→ To do: An identical transcription of the records is required.

→ Information shown:

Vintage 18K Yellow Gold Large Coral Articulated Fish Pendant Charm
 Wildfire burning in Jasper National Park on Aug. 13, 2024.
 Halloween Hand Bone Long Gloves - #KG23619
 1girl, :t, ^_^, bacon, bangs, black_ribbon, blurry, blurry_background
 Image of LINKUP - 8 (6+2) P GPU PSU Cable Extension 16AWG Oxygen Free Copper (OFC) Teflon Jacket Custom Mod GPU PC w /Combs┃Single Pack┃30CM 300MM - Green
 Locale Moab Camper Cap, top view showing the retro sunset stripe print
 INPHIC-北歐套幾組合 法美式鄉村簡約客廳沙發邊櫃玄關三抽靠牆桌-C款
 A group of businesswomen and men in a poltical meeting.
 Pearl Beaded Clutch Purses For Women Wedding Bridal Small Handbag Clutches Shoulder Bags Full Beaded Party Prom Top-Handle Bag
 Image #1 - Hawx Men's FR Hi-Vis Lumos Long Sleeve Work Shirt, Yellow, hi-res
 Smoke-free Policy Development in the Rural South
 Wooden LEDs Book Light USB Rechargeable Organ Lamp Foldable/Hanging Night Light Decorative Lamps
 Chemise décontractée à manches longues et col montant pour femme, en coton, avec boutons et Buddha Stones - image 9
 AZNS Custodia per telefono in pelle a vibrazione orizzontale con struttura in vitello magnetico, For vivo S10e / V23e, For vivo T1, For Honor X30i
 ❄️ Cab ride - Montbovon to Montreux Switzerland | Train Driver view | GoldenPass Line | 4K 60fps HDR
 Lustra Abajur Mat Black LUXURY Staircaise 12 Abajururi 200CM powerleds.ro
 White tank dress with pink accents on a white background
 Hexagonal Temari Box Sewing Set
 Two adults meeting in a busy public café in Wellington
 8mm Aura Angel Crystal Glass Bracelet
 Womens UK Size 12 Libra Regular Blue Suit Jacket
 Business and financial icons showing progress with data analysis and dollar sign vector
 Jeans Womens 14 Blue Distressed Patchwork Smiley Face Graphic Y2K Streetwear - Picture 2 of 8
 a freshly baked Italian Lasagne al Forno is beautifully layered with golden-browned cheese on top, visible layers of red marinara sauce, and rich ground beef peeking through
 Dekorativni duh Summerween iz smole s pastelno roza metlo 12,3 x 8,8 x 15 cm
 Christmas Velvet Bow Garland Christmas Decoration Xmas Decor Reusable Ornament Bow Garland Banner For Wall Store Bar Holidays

→ Reply to the exercise:
Vintage 18K Yellow Gold Large Coral Articulated Fish Pendant Charm
 Wildfire burning in Jasper National Park on Aug. 13, 2024.
 Halloween Hand Bone Long Gloves - #KG23619
 1girl, :t, ^_^, bacon, bangs, black_ribbon, blurry, blurry_background
 Image of LINKUP - 8 (6+2) P GPU PSU Cable Extension 16AWG Oxygen Free Copper (OFC) Teflon Jacket Custom Mod GPU PC w /Combs┃Single Pack┃30CM 300MM - Green
 Locale Moab Camper Cap, top view showing the retro sunset stripe print
 INPHIC-北歐套幾組合 法美式鄉村簡約客廳沙發邊櫃玄關三抽靠牆桌-C款
 A group of businesswomen and men in a poltical meeting.
 Pearl Beaded Clutch Purses For Women Wedding Bridal Small Handbag Clutches Shoulder Bags Full Beaded Party Prom Top-Handle Bag
 Image #1 - Hawx Men's FR Hi-Vis Lumos Long Sleeve Work Shirt, Yellow, hi-res
 Smoke-free Policy Development in the Rural South
 Wooden LEDs Book Light USB Rechargeable Organ Lamp Foldable/Hanging Night Light Decorative Lamps
 Chemise décontractée à manches longues et col montant pour femme, en coton, avec boutons et Buddha Stones - image 9
 AZNS Custodia per telefono in pelle a vibrazione orizzontale con struttura in vitello magnetico, For vivo S10e / V23e, For vivo T1, For Honor X30i
 ❄️ Cab ride - Montbovon to Montreux Switzerland | Train Driver view | GoldenPass Line | 4K 60fps HDR
 Lustra Abajur Mat Black LUXURY Staircaise 12 Abajururi 200CM powerleds.ro
 White tank dress with pink accents on a white background
 Hexagonal Temari Box Sewing Set
 Two adults meeting in a busy public café in Wellington
 8mm Aura Angel Crystal Glass Bracelet
 Womens UK Size 12 Libra Regular Blue Suit Jacket
 Business and financial icons showing progress with data analysis and dollar sign vector
 Jeans Womens 14 Blue Distressed Patchwork Smiley Face Graphic Y2K Streetwear - Picture 2 of 8
 a freshly baked Italian Lasagne al Forno is beautifully layered with golden-browned cheese on top, visible layers of red marinara sauce, and rich ground beef peeking through
 Dekorativni duh Summerween iz smole s pastelno roza metlo 12,3 x 8,8 x 15 cm
 Christmas Velvet Bow Garland Christmas Decoration Xmas Decor Reusable Ornament Bow Garland Banner For Wall Store Bar Holidays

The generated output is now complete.